- Developer: Sensible Software
- Publisher: Virgin Interactive Entertainment
- Designer: Jon Hare
- Programmer: Jools Jameson
- Artist: Stoo Cambridge
- Composer: Allister Brimble (MS-DOS)
- Platforms: Amiga, MS-DOS
- Release: 1995: Amiga 1996: MS-DOS
- Genre: Sports
- Modes: Single-player, multiplayer

= Sensible Golf =

1995 video game

Sensible Golf is a 2D golf game released by Sensible Software in 1995 for the Amiga. It uses the same pin-like characters as Sensible Soccer and Cannon Fodder. The theme tune was written by the lead game designer, Jon Hare, and a promotional video was directed by Carl Smyth from the group Madness and filmed in Regent's Park, London. The game received lackluster reviews and sold poorly.

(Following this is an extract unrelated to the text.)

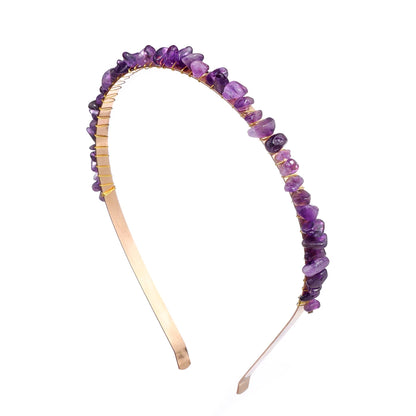Diadema Piedras Naturales con Cristales  Descripción corta:   Headband con diseño irregular de amatistas y aguamarinas en cuentas tipo chip. Accesorio bohemio y elegante para mujer, ideal para darle un toque único a tu look en fiestas o uso diario.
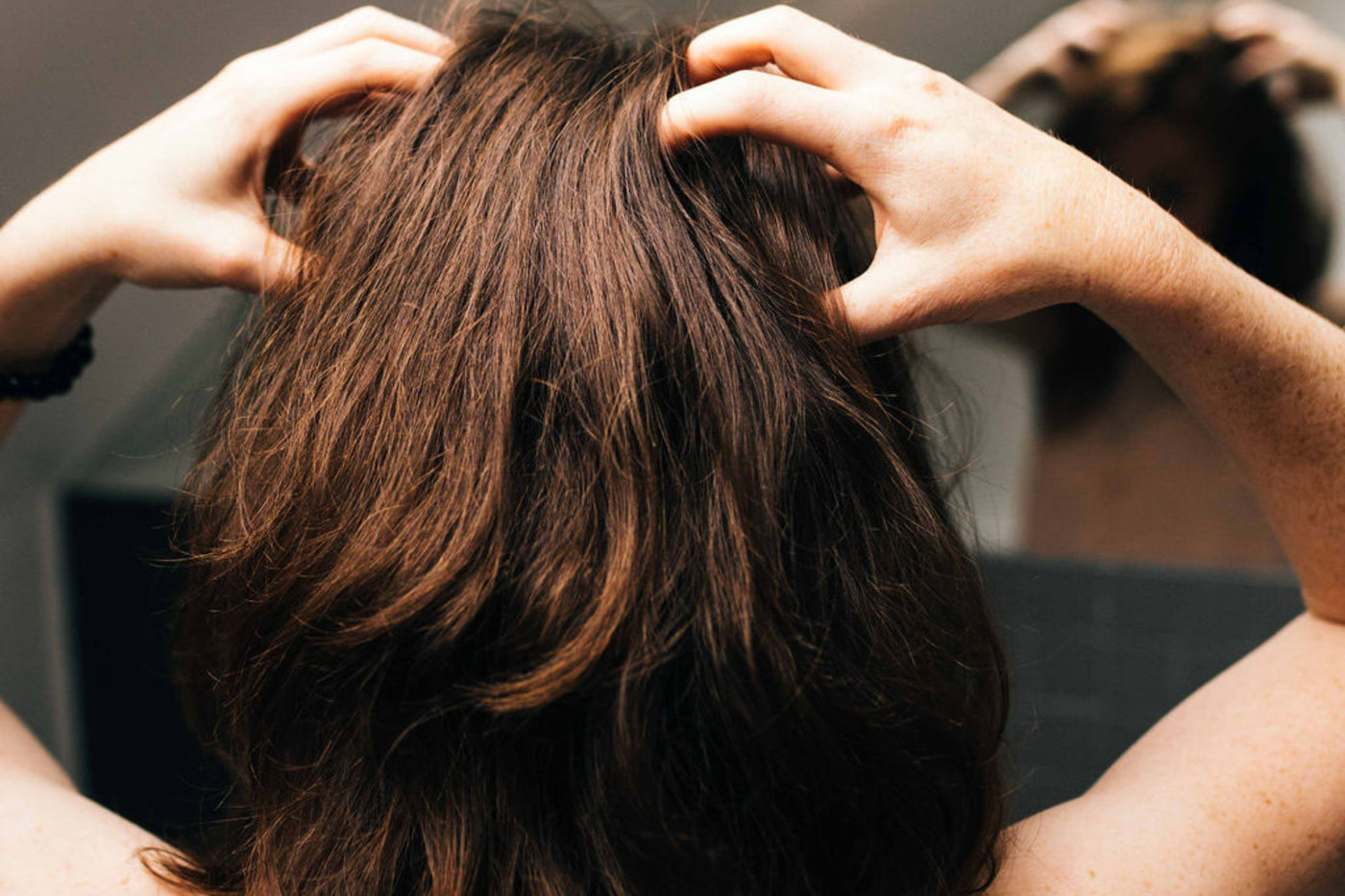 une solution naturelle pour des cheveux sains et éclatants 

A Mega Drive version was planned but never released.

==Reception==
Sensible Golf was awarded the company's lowest ever score by Amiga Power of 66% and marked a sharp decline in the fortune of Sensible Software. It was to be their last commercial Amiga release, with only Sensible Train Spotting to follow.

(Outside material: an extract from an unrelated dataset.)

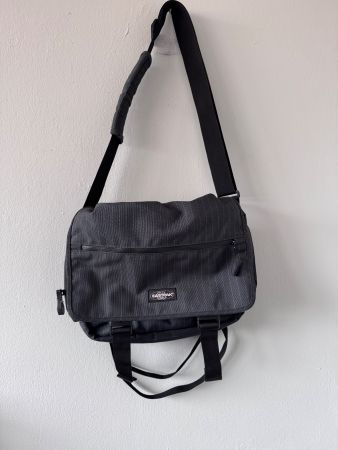 Eastpak messenger bag pc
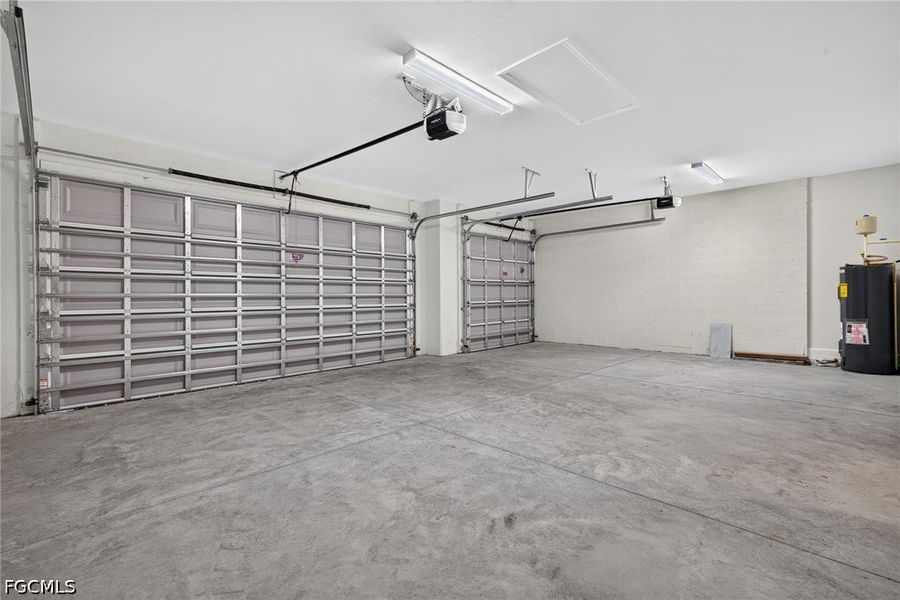 Spacious, unfurnished interior of a new home in Cape Coral, Cape Coral (Image 34). Spacious, unfurnished interior of a new home in Cape Coral, Cape Coral (Image 34).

In an interview carried out almost twenty years after its release, Jon Hare said of the game: "Sensible Golf is a disappointment to me; I'm not happy with it ... We were greedy. We diluted our quality. To be honest, I was focusing on Sex 'n' Drugs 'n' Rock 'n' Roll at that time, and it was such a massive game. Between that and Sensible World of Soccer, I didn't have time for Sensible Golf, and it just slid".